Saturday, December 10, 2011

Medicine in Medieval Universities

“The Faculty of Medicine”
In Nancy Siraisi’s article on the faculty of medicine in the medieval university, she describes the university as centers of medical activity, firmly set in place over the 12th and 13th centuries. She begins by acknowledging that only a small fraction of medical practitioners were university educated. In fact, university-trained physicians faced competition from various pharmacists, surgeons, midwives, non-educated physicians in addition to those who offered spiritual or supernatural remedies. Additionally, many practicing physicians without university degrees had access to university materials and were mostly literate and had many prosperous patients. But largely, the university trained physician occupied the highest wealth and social status of those in the medical field, whose clientele were frequently noble, wealthy and royal. Yet treatments or success rates were unlikely to have differed greatly in administering cures. However, medical schools still thrives as the elite institutions of medical education, producing rich medical literature, insisting on health as an object of intellectual enquiry and creating an environment for legitimate dissection of bodies.
Before 1500, there were three primary centers for medical education: Paris, Bologna, and Montpellier. There were of course other places where medicine could be studied, but they did not achieve the same level of prominence. The organization of the faulty differed in different locations. The professors generally came from educated families and were men of means within their communities. They frequently drew a municipal salary and had other responsibilities outside of the university such as licensing medical practitioners. They were also called upon to perform autopsies or to give medical-legal opinions. Students came from all over Europe. When universities were established in other parts of Europe, it still did not diminish the status of these three schools as some students would in fact complete the arts portion of their education locally, and then travel for the prestigious medical portion. However, the majority of physicians received substantial training in the arts, however evidence indicates that only a few wrote extensively on their arts training once they had completed the minimum portion.

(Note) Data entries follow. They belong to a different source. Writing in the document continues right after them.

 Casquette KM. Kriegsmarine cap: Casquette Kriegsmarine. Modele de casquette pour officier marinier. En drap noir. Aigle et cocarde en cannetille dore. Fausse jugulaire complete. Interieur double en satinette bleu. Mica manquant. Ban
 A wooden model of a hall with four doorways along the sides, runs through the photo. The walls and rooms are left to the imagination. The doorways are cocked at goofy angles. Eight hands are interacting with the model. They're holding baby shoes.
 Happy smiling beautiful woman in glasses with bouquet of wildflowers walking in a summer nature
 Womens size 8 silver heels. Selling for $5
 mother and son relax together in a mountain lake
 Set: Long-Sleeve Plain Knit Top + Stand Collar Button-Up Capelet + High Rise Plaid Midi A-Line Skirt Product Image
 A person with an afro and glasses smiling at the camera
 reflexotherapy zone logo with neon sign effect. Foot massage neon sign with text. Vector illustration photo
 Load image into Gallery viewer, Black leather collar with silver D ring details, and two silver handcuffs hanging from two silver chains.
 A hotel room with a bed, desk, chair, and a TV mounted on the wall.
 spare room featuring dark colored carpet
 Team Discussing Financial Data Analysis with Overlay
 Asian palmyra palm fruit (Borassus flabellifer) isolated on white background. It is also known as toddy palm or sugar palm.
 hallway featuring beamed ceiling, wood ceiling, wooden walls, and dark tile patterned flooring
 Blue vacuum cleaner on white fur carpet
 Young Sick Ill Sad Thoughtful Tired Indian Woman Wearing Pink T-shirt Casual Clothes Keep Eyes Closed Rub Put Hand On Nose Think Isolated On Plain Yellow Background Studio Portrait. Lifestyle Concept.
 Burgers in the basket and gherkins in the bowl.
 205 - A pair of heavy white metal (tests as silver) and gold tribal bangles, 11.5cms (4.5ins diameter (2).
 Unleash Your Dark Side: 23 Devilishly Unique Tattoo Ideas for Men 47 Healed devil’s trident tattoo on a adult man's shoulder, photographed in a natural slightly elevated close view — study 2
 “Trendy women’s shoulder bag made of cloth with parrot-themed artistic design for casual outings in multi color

At these universities a substantial amount of Islamic medical texts such as the comprehensive Canon of Avicenna were available in Latin and served as a basis for much teaching. Additionally, Hippocratic and Galenic texts and their commentaries were universally used as texts. These books only served as a portion of the academics as masters frequently gave lectures of deviating subjects and there was usually a great deal of private study. The curriculum was aimed primarily at training practitioners which was for many the most lucrative endeavor. Central concepts taught included: the balance of the elementary qualities of hot, wet, cold and dry in the body, the influence of the heavenly bodies on terrestrial events-in fact many physicians studied astrology as part of their curriculum.
There appear to be only a few differences in the characteristics of each school. For example, Paris did not train surgeons, and Montpellier put more emphasis on the Hippocratic than Paris. However they all used similar texts and though it took 3-8 years to finish depending on the curriculum, all generally covered the same material in both medicine and in their arts education. In general university medicine played a large part in shaping the approach to medical texts, scientific understanding and healing practices of the period.